Mon cerveau est un vestiaire que je
récure moi-même, je pisse le sang, l'hémostase comme serpillère à
toute épreuve, et même si mes arcades sont solides, mes reins
craignent les coups bas.
Matthieu Malon cogne, bat les bacs sans
bousculade.. et pourtant, le dithyrambique discret, comme disent les
journalistes, c’est bien fait pour ceux qui n’ont pas était
baffé par « Peut-être un jour ». 14 ans après « Froids »

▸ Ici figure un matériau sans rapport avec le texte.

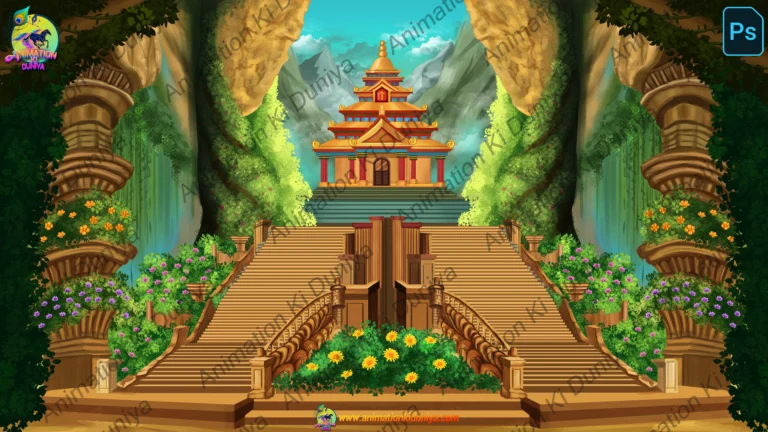4K Fantasy Golden Temple - Magical Kingdom 2D Animation Background (PSD & PNG)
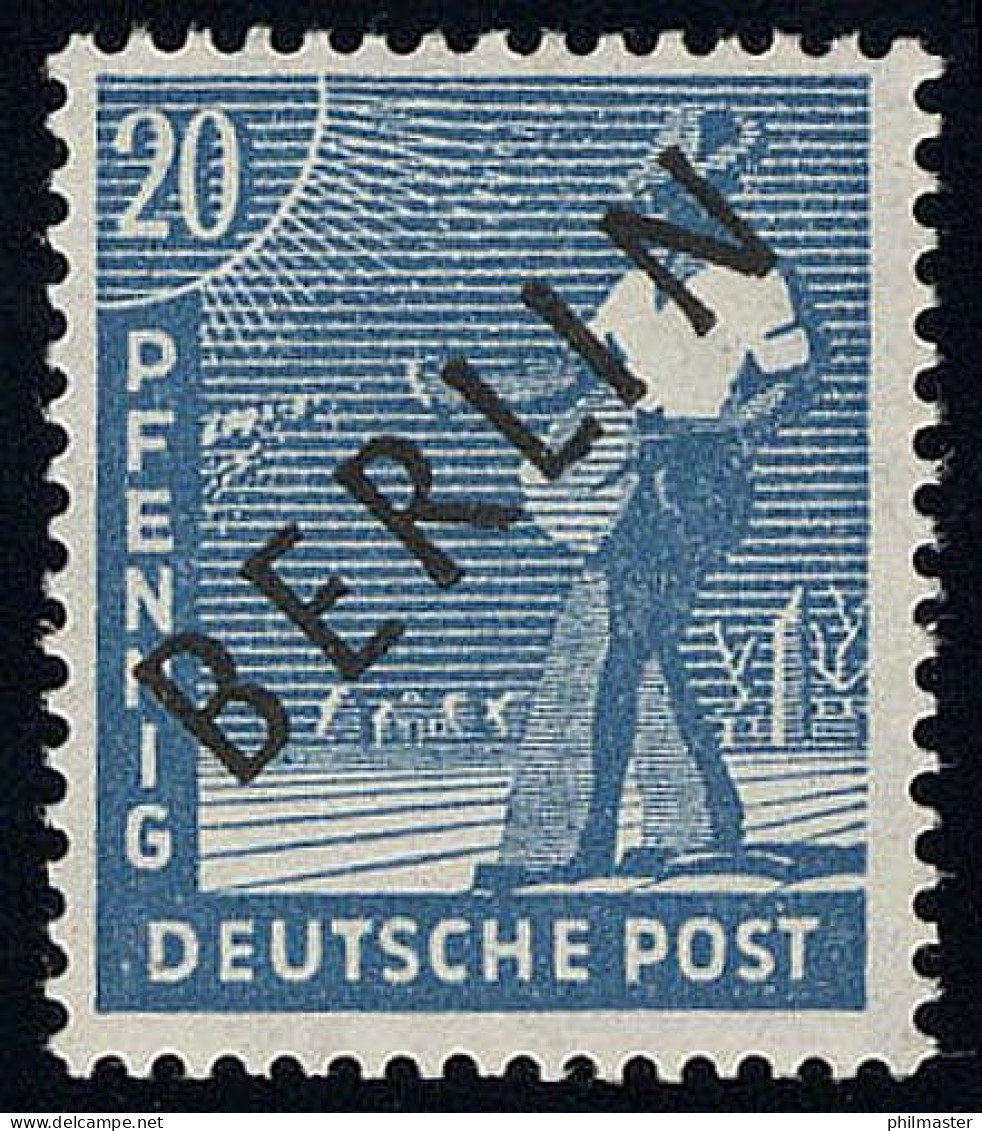 8a Schwarzaufdruck 20 Pf PREUSSISCHBLAU, Postfrisch ** Geprüft - Unused Stamps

que j’avais adoré, ce nouvel album de M.Malon est sorti l’an
passé, coinçant les Laudanum extraordinaires beaucoup plus répandus,
et un deuxième album autoproduit.
La piscine est vide, y’a tellement de
trucs à remplir, comme un espoir sans fond, faut juste bosser au
quotidien, convoiter, supplier, racoler, espérer ou quémander.. et
puis voir venir. C’est pas gagné d'avance. Au pire, la piscine est
vide, et même seul dedans, y’a de quoi se réfugier pour poser son
cul, son univers invisible, son alcôve secret et garder l’espoir
de se faire remplir, de se faire nourrir avec tout le temps qu’on
passe à se vider..pour les autres, comme un alibi à son propre
vide.
C’est un album trempé, bien rempli,
la rythmique est infernale, les compositions bétons, l’album
puissant juste comme il faut malgré l'intimité des textes comme par
chez Cloup ou un Wire electro de par chez nous.
On écoute « Peut-être un jour »
comme on se bagarre avec nos sentiments rageurs.